A lawmaker in Kyrgyzstan has devised a new threat for journalists whose writing is not the public’s liking — stripping them of their citizenship.
The response was heard in parliament on June 1 in response to Ulugbek Babakulov’s recent report on signs of an apparent surge of intolerant nationalist sentiments among Kyrgyz internet users.
Babakulov’s article, which was titled “People like animals: How Kyrgyz social media is ringing to the sound of vengeance against Sarts,” appeared on Moscow-based website ferghana.ru on May 23 and immediately provoked howls of indignation. Critics of the piece have accused the journalist of smearing the Kyrgyz people and drawing gross generalizations from isolated cases of xenophobic language online.
The springboard for Babakulov’s piece was a recent violence incident in the southern Jalal-Abad region that the reporter said bore signs of an interethnic conflict, namely between Kyrgyz and Uzbek communities. Police later denied this and said the fight on May 18 was actually over a woman.

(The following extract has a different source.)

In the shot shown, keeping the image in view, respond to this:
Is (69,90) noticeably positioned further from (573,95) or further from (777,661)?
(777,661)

People indignant at the piece expressed anger at what they perceived as Babakulov’s misrepresentation of the incident and his bitterly ironic use of the word “sart,” a racial slur for Uzbeks that was widely used around the time of the 2010 riots in Osh and Jalal-Abad.

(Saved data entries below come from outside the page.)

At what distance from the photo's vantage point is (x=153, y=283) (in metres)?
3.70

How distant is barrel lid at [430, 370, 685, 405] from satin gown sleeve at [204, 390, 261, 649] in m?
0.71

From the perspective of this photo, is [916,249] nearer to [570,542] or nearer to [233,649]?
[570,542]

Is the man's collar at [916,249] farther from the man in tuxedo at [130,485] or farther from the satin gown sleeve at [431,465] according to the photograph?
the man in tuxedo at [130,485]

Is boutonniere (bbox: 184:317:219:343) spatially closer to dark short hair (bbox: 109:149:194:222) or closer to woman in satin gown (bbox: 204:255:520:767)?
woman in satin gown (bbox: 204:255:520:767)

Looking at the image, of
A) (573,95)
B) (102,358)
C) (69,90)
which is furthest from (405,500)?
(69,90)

“As a native of the city of Osh, I am offended,” said Ainura Altynbayeva, a lawmaker. “The word ‘sart’ is considered offensive over there, and we have mothers who are weeping to this day about the deaths of children who died in the  events in Osh. It is indecent to publish such article, especially on the anniversary of events that happened at the start of June.”
Her colleague, Muradyl Mademinov, agreed and said that Babakulov’s article could not go unpunished and that he should be stripped of his Kyrgyz citizenship.
The original piece was given further prominence over the weekend when the country’s public television station ran a nine-minute report lining up a number of commentators to condemn it. In the report, the commentators dubbed Babakulov an “enemy of the nation” and suggested blocking ferghana.ru.
Babakulov insisted his original intent was not to rouse hatred but rather to illustrate a creeping mood of intolerance on Kyrgyz social media.
“It suits the authorities to distract the people from social and economic problems with these nationalist themes. It cannot be ruled out that it is the authorities themselves that are ordering these kinds of post on social media,” he wrote in the piece.
The chief editor of ferghana.ru, Danil Kislov, said that the article merely reflected the real situation.
“The issue of interethnic relations remains a very contentious one in Kyrgyzstan, but it needs to be discussed openly and not stuck in the corner. But the government is going out of its way not to notice the nationalist rhetoric that is swilling around in Kyrgyz media and in Kyrgyz-language social media,” he said.